Images of young Palestinians involved in the troubles in Jenin were a reminder that in urban wars children are on the streets, on the frontline. A childhood lived in such intensely dramatic times fast makes them grow old beyond their years. It will also mark them for life. My own involvement was no less intense for being on the wrong side of history and the scar it has left is all the deeper as the cause behind it is impossible to claim with pride. Wrong place, wrong time, wrong fight.

Later in Paris in 1968, my political involvement was at least on the progressive side of history. I embraced the hopes and aspirations of many of my generation who campaigned for a more equitable, more open society. This inevitably brought young French people into conflict with de Gaulle-era France, a sclerotic, morally repressive society.

So, when the government, in typical fashion, tried to suppress students’ relatively mild demands with violence, tens of thousands resisted. It is a repeated pattern in France – keeping a tight lid on social change and then suffering explosions of anger and unrest. We have recently seen another round of this on the streets of major French cities, though in contrast to the buoyant optimism of the 1968 events, this has been marked by a more nihilistic anger born of the despair and hopelessness felt over many years by a particular section of French youth – the children of Algerian immigrants.
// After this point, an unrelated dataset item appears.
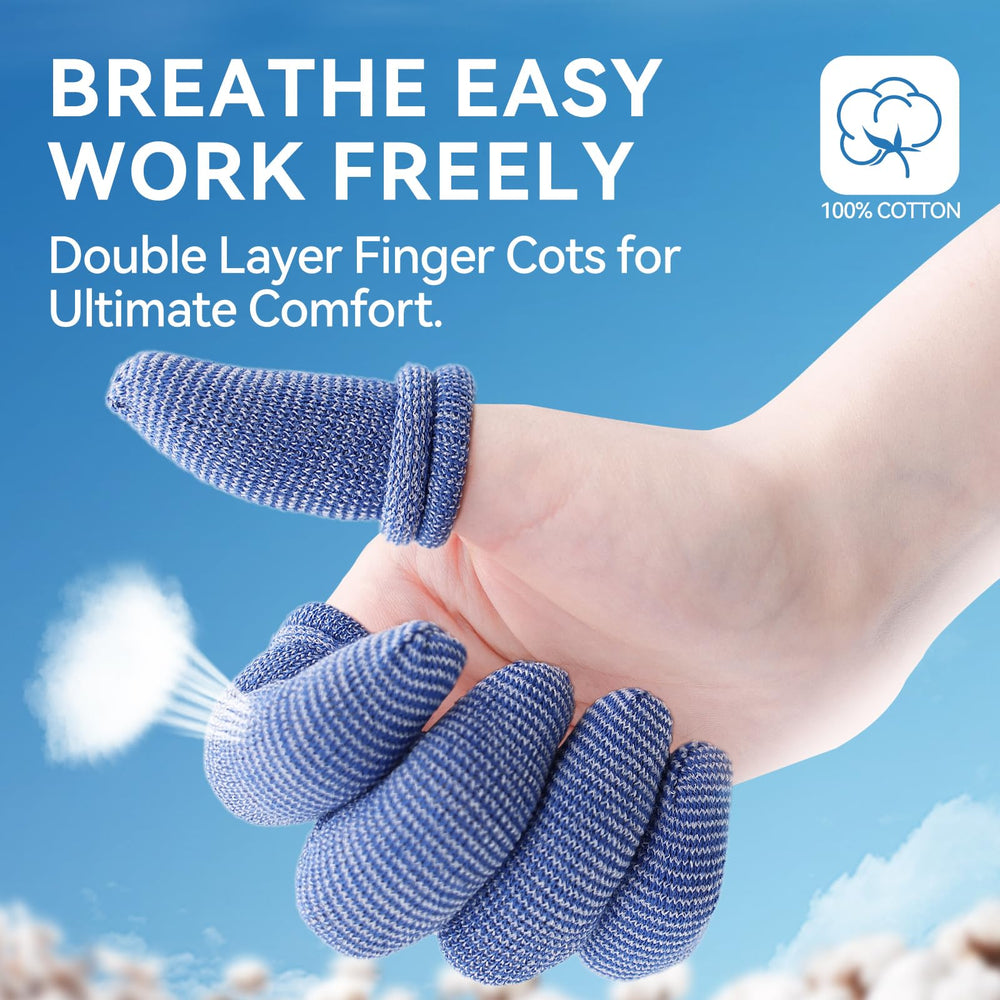 Dimora finger cots application method demonstrating twist on coverage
Back in 1969, in my own troubled time, when I left Paris for Brighton, you could say I had seen history from both sides now – from right to left!

It may come as a surprise but Britain at the time was in many ways a more liberated country (at least in terms of social mores), more tolerant, more open to evolutionary change – and I fell in love with it. It felt like I was escaping a France full of asperities for the softness of England. In Brighton, I found warmth and conviviality, informality and friendliness, as well as a way of earning a moderate living as a French teaching assistant – all of which made life there a soothing contrast to being an impoverished student in post-conflict Paris.

Perhaps the seed had been planted in the fertile ground of my frustrated early adolescence, when shortly after my exile from Algiers, during a school exchange visit to England I was given my first proper kiss (I was to find out later that the British called it a French kiss!) by an English schoolgirl to the sound of the Beatles’ Please, Please Me! It turned out to be more than a passing infatuation as I stayed on and took up British nationality in 1975.

Over the following years, there were to be many trips north of the Border but it took the insanity of Brexit and the social and political awfulness of its aftermath to make the lure of a final move to Scotland irresistible. The advent of Thatcherism in the 1980s had already brought a foretaste of disaffection with what had become the predominant culture in England – the rise of selfish individualism, the denigration of and attacks on public services.

By contrast, Scotland seemed a place steadfastly adhering to the belief that contrary to the Iron Lady’s infamous saying, there is such a thing as society. Community is in the air and in the mood here, not just because the public good is still valued but also in commonly displayed attitudes – it’s never difficult to find evidence of a society imbued with a profound sense of solidarity. The beauty of the scenery is of course an added bonus. It is wild and rough and, like the weather, changeable and unpredictable; it is a beauty that has real substance, like the people here.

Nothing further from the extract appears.